于宙那時也在社會上漂泊,和朋友組織了一個小型的樂團,只有三個人,名叫「小娟&山谷裡的居民」。小娟是一個殘疾女孩,聲音很好聽,小強是她的男朋友,會彈吉他,于宙吹口琴,也打鼓,不是爵士樂的那種鼓,而是小型的民樂的那種小鼓。他們這個小樂團為樂迷們演唱各國的鄉村歌曲,傳統民謠,所到之處大受歡迎,擁有一群忠貞不貳的擁護者。小娟是個殘疾人,行動不便,可在小強和于宙的幫助下,她頑強地在藝術道路上走著,漸漸的,她輕柔的歌聲和樂觀豁達的性格被越來越多的人所接受。

這個樂隊小有名氣,經常去各大酒店演出,2007年這個樂隊進行了三次專場巡迴演出,他們自己創作的歌曲《晚霞》、《我的家》、《山谷裡的居民》等深受歌迷喜愛,《我的家》成了每場演唱會的開場曲與謝幕曲。有公司還投資,專門為他們製作了一個MV。
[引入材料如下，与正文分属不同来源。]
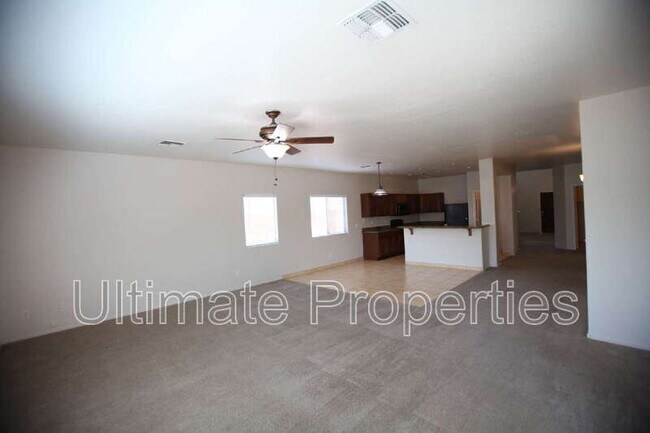 Building Photo - 2215 N 92nd Glen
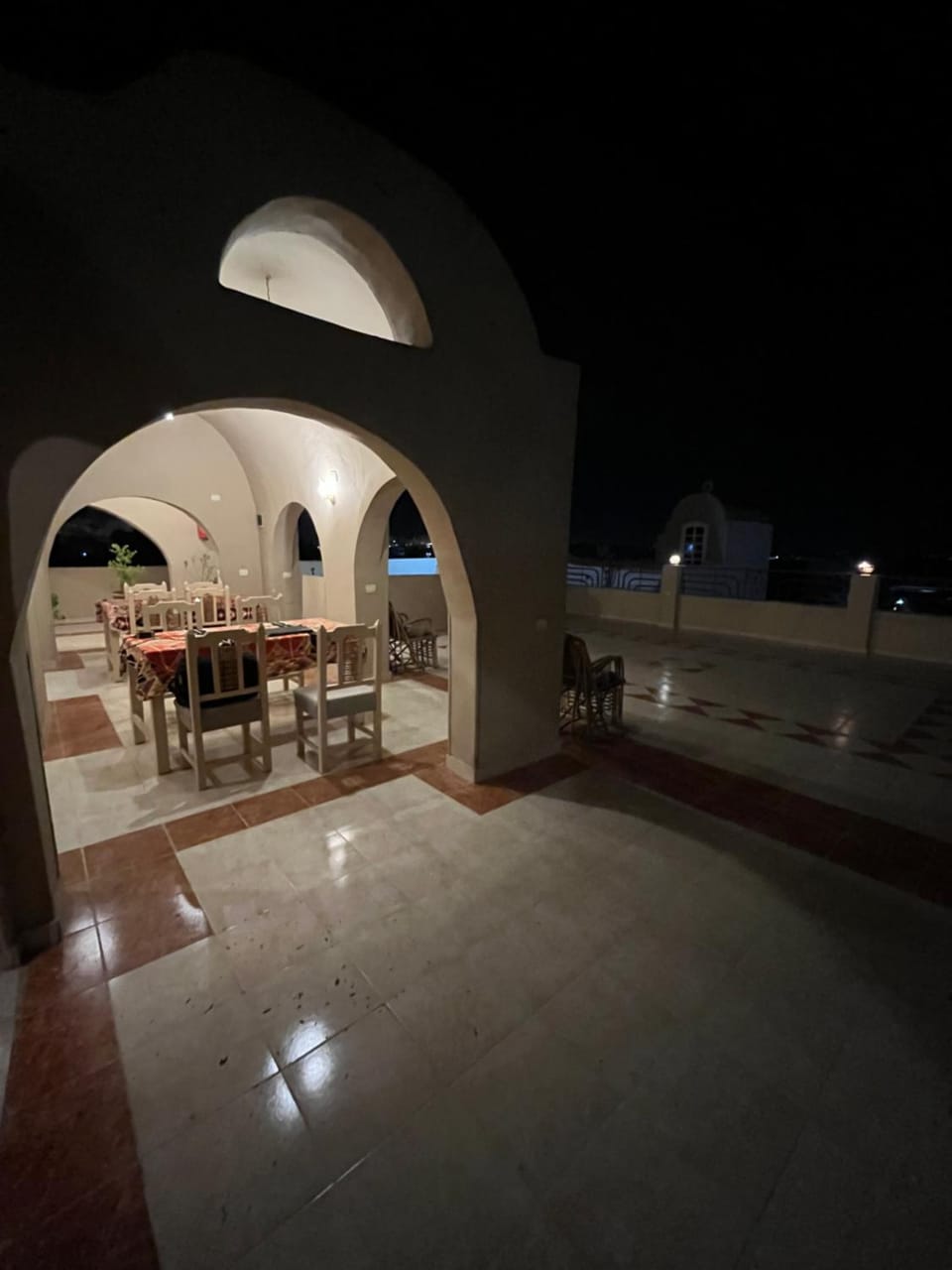 Restaurant/places to eat, Night, Banquet/Function facilities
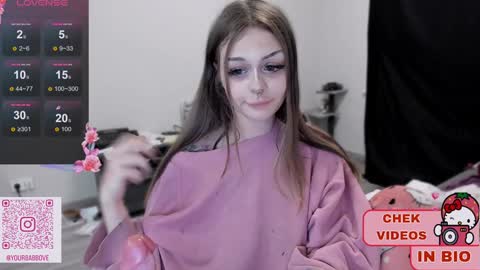 Snapshot of melonipinkbb chatting on February 2, 2025, 3:28 pm MELONI online show from February 2, 2025, 3:28 pm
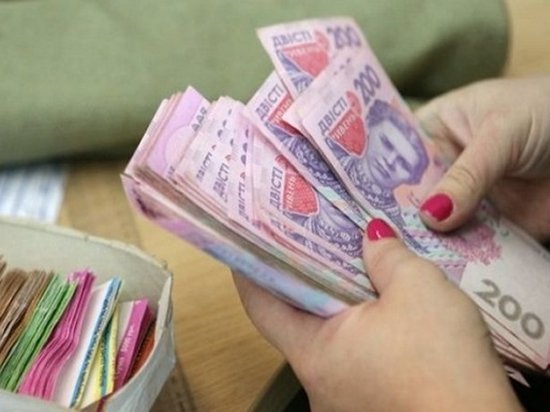 За год реальная зарплата украинцев выросла на 12,5%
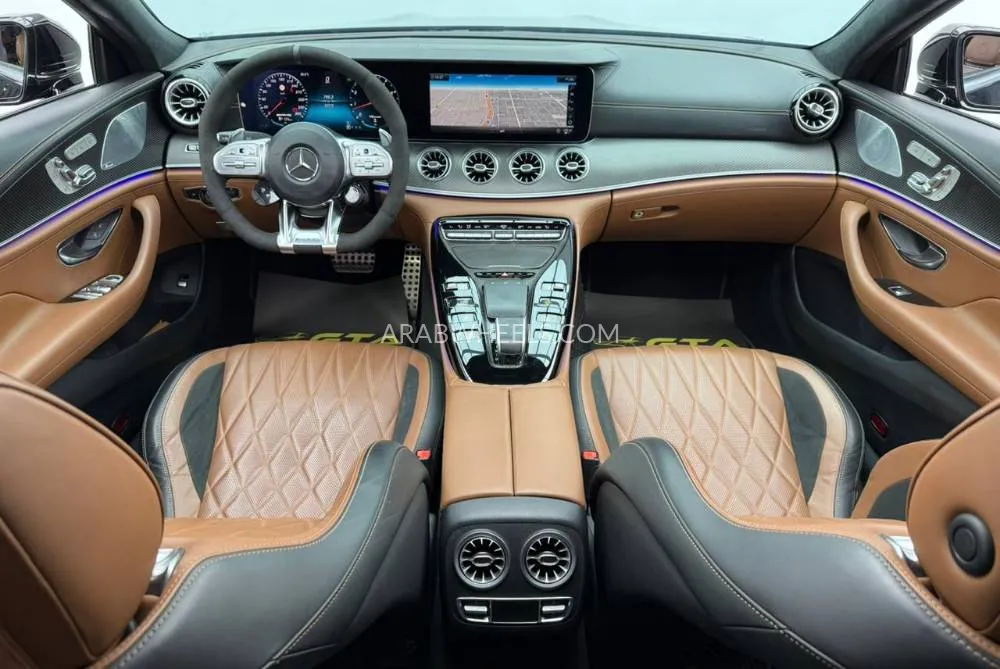 مرسيدس بنز AMG جي تي 2019 for Sale in دبي Image-9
2008年1月26日,于宙被抓之前,剛剛參加完一場演唱會。

十天之後,他死在通州看守所。2月7日,是中國新年的大年初一。樂隊歌手小娟在她的個人博客中,發表了據說是多年前已經創作的一首歌曲,美麗的魂魄。這次,小娟用清唱的方式發表出來。歌詞是這樣的:

隨著時光的流逝

我們會變成美麗的魂魄

飄在遙遠的天空

也許是你先

也許是我先

折一朵天堂聖潔的玫瑰

在天堂靜靜地等候

家屬詢問于宙的死因,醫生一會說「絕食」,一會說是「糖尿病」,而于宙身體健康,根本就沒有糖尿病。而且人剛被關進看守所10天,怎麼會因為「絕食」去世呢?為了掩蓋罪行,中共的看守所逼迫家屬馬上火化遺體,否則就以「鬧事」的名義把于宙的家人「圍起來」。于宙的家人堅決不同意火化于宙的屍體並要求屍檢。看守所曾一度答應許那辦理于宙的後事,可後來突然又說話不算了,還把許那轉押到了北京看守所,就是那個臭名昭著的「市局七處」,是北京警方專門處理所謂的「政治犯」和「重刑犯」的地方。

這是13年前發生的事情,當年11月,失去丈夫的許那被判刑3年。

去年7月,許那再次被捕,和她一起被捕的,還有多名北京的法輪功學員。他們的罪名,是在疫情期間,在網上發表了幾張街道上的照片。在中共看來,這幾張北京老胡同的照片,嚴重威脅了中共的安全。

至今,許那還被關押在北京東城區看守所。許那的母親是美術學院的教師,已經去世,父親是中國大陸知名畫家,她本人的畫作在中國大陸也頗有名氣。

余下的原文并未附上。